## Summary

Reinforcement Learning (RL) is usually applied for state of the art AI research and often make the headlines. Yet it still fails to deliver on concrete business topics. At Ekimetrics we strive to transfer AI innovations into the business world and Reinforcement Learning is a unbelievable playground to find disruptive solutions to complex real-world problems. In particular, there are many optimization problems that could be solved using RL.

The Traveling Salesman Problem (TSP) has been solved for many years and used for tons of real-life situations including **optimizing deliveries** or **network routing**. This article will show a simple framework to **apply Q-Learning to solving the TSP**, and discuss the pros & cons with other optimization techniques. It's a perfect introduction for beginners in Reinforcement Learning and does not require heavy computational capabilities.

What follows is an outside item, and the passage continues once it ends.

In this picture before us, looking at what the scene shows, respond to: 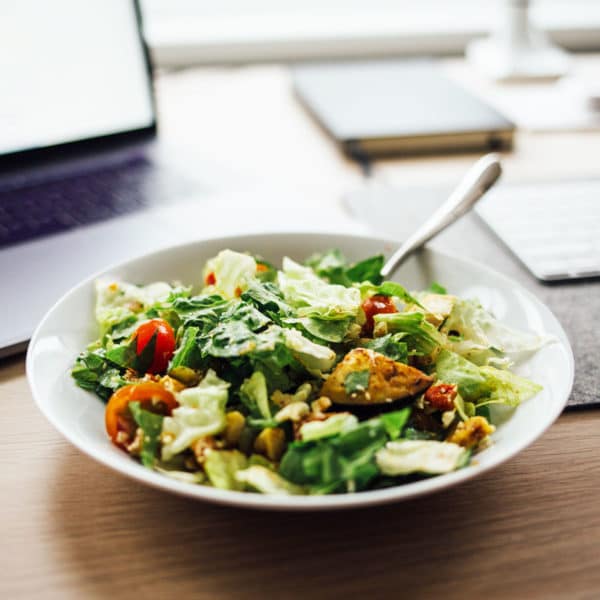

You can find all the code open sourced here on Github

## The Traveling Salesman Problem

The Traveling Salesman Problem (or TSP) is a typical optimization problem, where one has to find the shortest route to visit different cities. There are many different ways to solve this problem using discrete optimization techniques.

Like many optimization problems, it's a NP-hard problem, which in short means that it's easy (in terms of speed) to solve for 5 cities, already impossible to brute force for 50. And almost impossible for most algorithms for 5,000 cities. Even for 15 cities, it's already 1 trillion permutations to compute (15!), there are optimization techniques that are more adequate : dynamic programming, branch and bound algorithms, nearest neighbors approximations, or ant colonies optimizations.

Furthermore, the problem described here is too simple to describe a real-life delivery situation. It does not take into account multiple vehicle fleet, electric vehicle charging, time window constraints, capacity constraints, aleatory perturbations, etc... Hence, each variant of the TSP has its own optimization frameworks (in terms of variables and constriants), and the more you complexify the problem, the more difficult it is of course. That's why in practice delivery companies use combinations of those variants coupled with heuristics. The most advanced companies today add Machine Learning techniques on top of those algorithms, in particular to replace manual heuristics and better estimate in-context durations.

In Python, the easiest way to get started with TSP and its variants is probably the great open source library OR-Tools by Google. And if you want to learn more about discrete optimization, I can only recommend the great MOOC on *Discrete Optimization by the University of Melbourne* you can find on Coursera.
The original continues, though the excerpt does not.